Pour
la 1ère fois dans sa carrière, Motörhead a pris
son temps pour composer un nouvel album. Il le fallait, surtout
après les années fastes passées et la sortie
en l'espace de 2 ans de 3 albums cultes et irréprochables
(Overkill, Bomber et Ace of spades), sans oublier l'un des plus
grands albums live de tous les temps, No sleep 'til Hammersmith
!! Tout ceci représente le sommet tant artistique que commercial
de la carrière de Motörhead !
Donc pas évident de gérer l'accumulation de tous ces
succès. Pour la 1ère fois aussi, c'est Fast Eddie
Clarke qui se charge de produire l'album, et plus tard, Lemmy reconnaitra
lui-même que cela représente une grosse erreur stratégique
de sa part, et que pire, c'est une des causes majeures du départ
de Fast Eddie Clarke.
Iron Fist, à comparer des albums précédents,
sonne un peu trop travaillé et produit peut être, ça
manque un peu de pêche. Mais cela n'en fait pas un mauvais
album pour autant. Il suffit d'écouter Iron Fist, le titre
qui introduit l'album, et de quelle manière (avec un "Sieg
Heil !" qui vaudra à Lemmy d'être taxé
de facho, la croix gammée présente au dos de la pochette
n'arrange rien il est vrai !!!!)... basse turbo, rythme effréné,
pur riff de la mort, solos magnifiques, bref un classique de chez
classique et un de mes morçeaux favoris !

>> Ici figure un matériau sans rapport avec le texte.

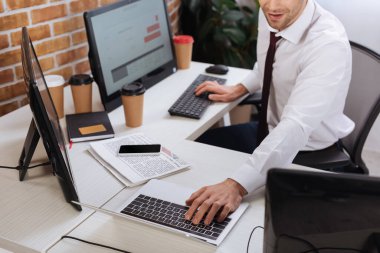Akıllı telefon ve ofis haberleri yakınlarındaki finansal stokları kontrol ederken bilgisayar ve dizüstü bilgisayar kullanan işadamlarının görüntüsü kırpıldı 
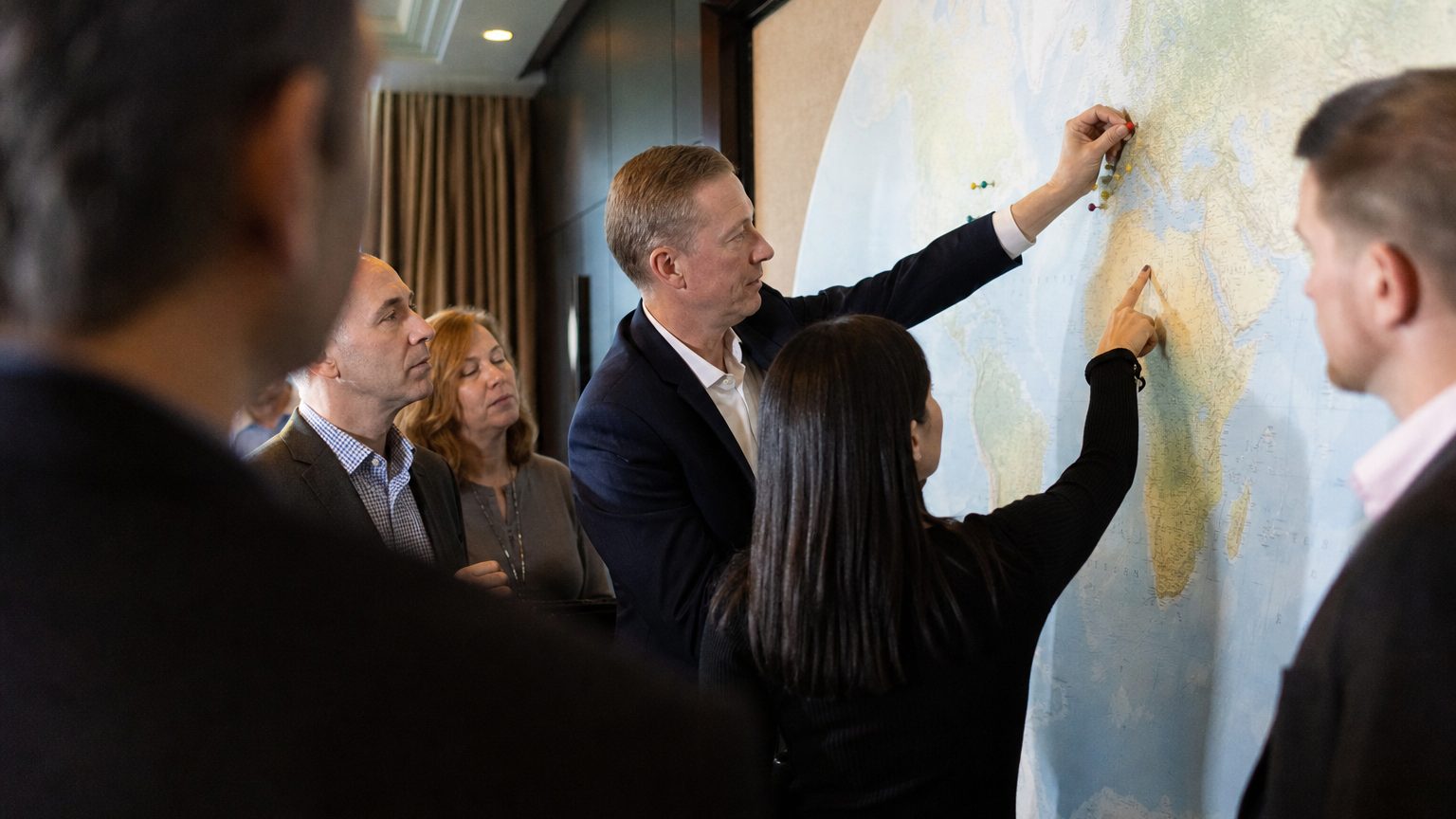 A travel manager stands at a large wall-mounted world map in a hotel conference room, pressing a colour-coded pin into a coastal region while a colleague points to a different cluster of pins already marking three other shortlisted locations.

Le groupe après toutes ces années passées sur
la route est vraiment rodé, et surtout la batterie de Philthy
est devenue vraiment fluide et rapide, on sent de gros progrès
dans son jeu !
Malheureusement, Iron fist s'avère être la meilleure
chanson de l'album et les autres titres, quoique excellents, n'atteignent
pas le même niveau (c'est à dire le génial !!!).
On sent un travail étonnant au niveau des riffs, très
fouillés cette fois-ci et moins basiques qu'avant. Il suffit
juste d'écouter LE riff de Go to hell, irrésistible
et raffiné, avec un rythme de Philthy dont lui seul a le
secret, ça groove nom d'un chien ! Ou Shut it down, du rock
'n' roll un peu dans la lignée de Tear ya down (présente
sur Overkill), avec un aspect sombre trippant.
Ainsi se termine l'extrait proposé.